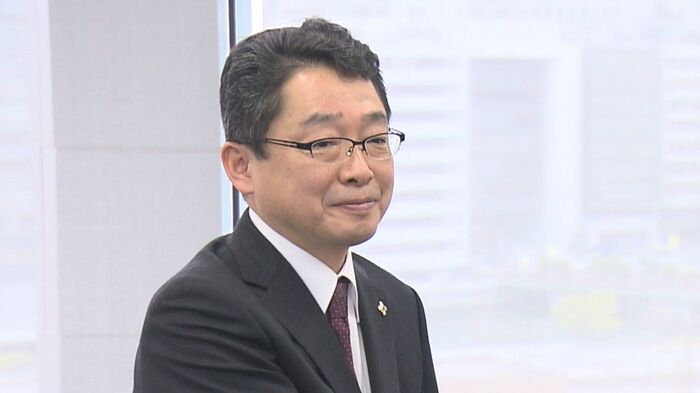 大阪地検元検事正への厳正処罰など求め12万9000筆超の署名提出「裁判で明らかにして被害に見合った処罰を」部下の女性検事への性的暴行加えた罪 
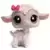 LPS 879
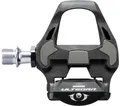 Produktbild: SHIMANO FAHRRADPEDAL PD-R8000 ULTEGRA SPD-SL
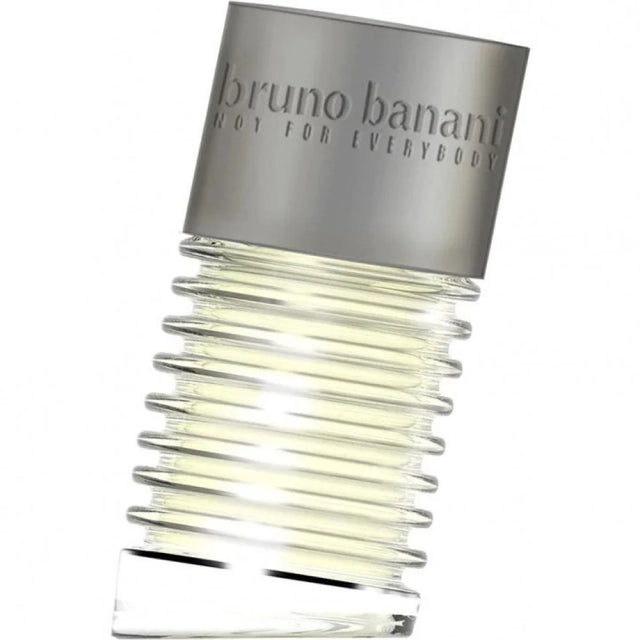 Bruno Banani, Men, Eau De Toilette, For Men, 50 ml *Tester  Bruno Banani - Nutra Best Bulgaria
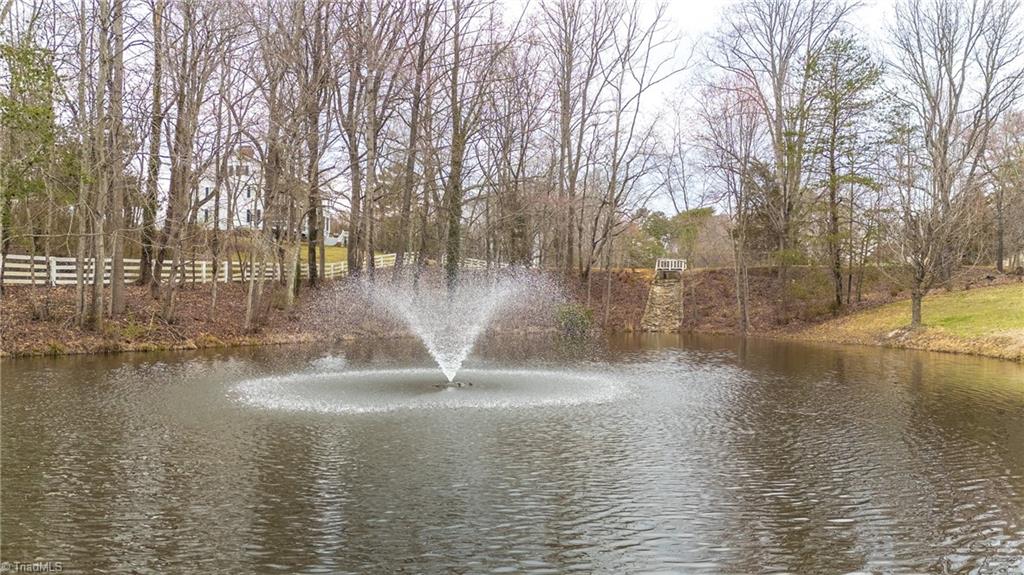 3911 Old Berkshire Drive Browns Summit, NC 27214 - Photo 7 of 10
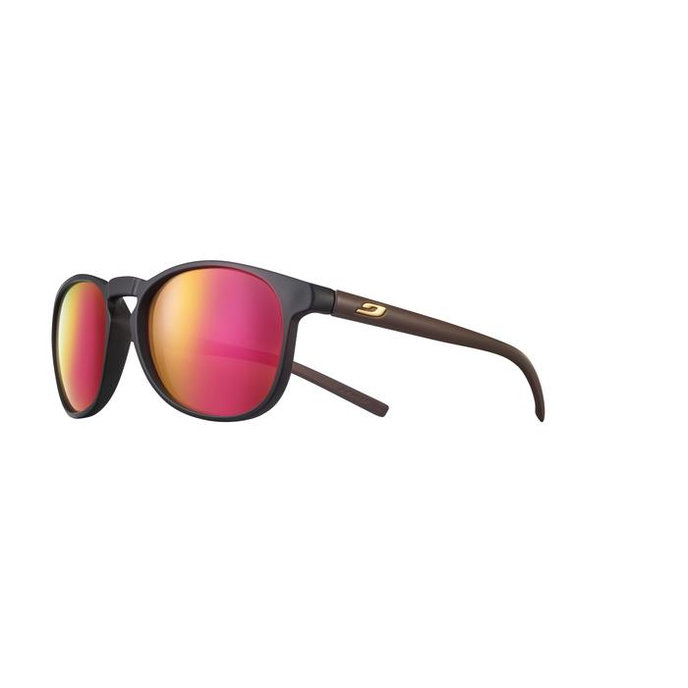  FAME Spectron 3CF
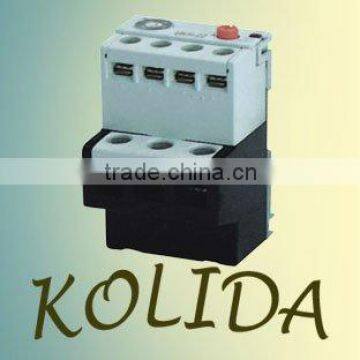 solid state relay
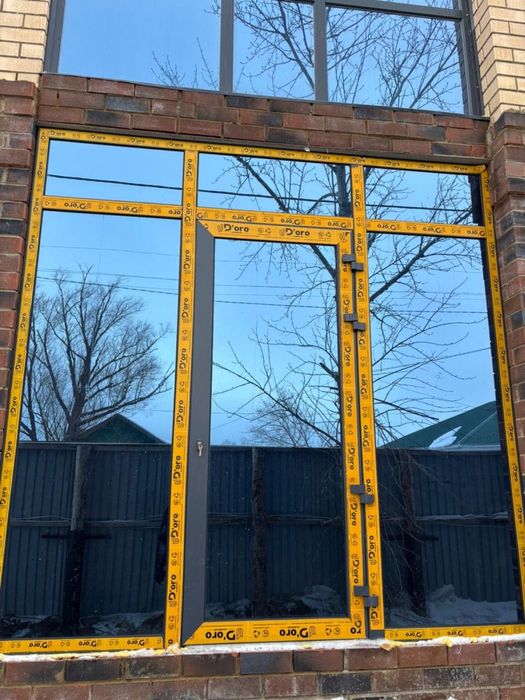 Продаётся коммерческое помещение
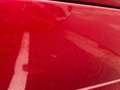 Citroen C3 1.1i Airdream Furio / IDEAL JEUNE PERMIS / BLUETOOTH Rosso - thumbnail 36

◇ ◇ ◇

**Exercise instructions**
Leaving out the pictures, transcribe the material above exactly.

**Response below**
 大阪地検元検事正への厳正処罰など求め12万9000筆超の署名提出「裁判で明らかにして被害に見合った処罰を」部下の女性検事への性的暴行加えた罪 
 LPS 879
 Produktbild: SHIMANO FAHRRADPEDAL PD-R8000 ULTEGRA SPD-SL
 Bruno Banani, Men, Eau De Toilette, For Men, 50 ml *Tester  Bruno Banani - Nutra Best Bulgaria
 3911 Old Berkshire Drive Browns Summit, NC 27214 - Photo 7 of 10
  FAME Spectron 3CF
 solid state relay
 Продаётся коммерческое помещение
 Citroen C3 1.1i Airdream Furio / IDEAL JEUNE PERMIS / BLUETOOTH Rosso - thumbnail 36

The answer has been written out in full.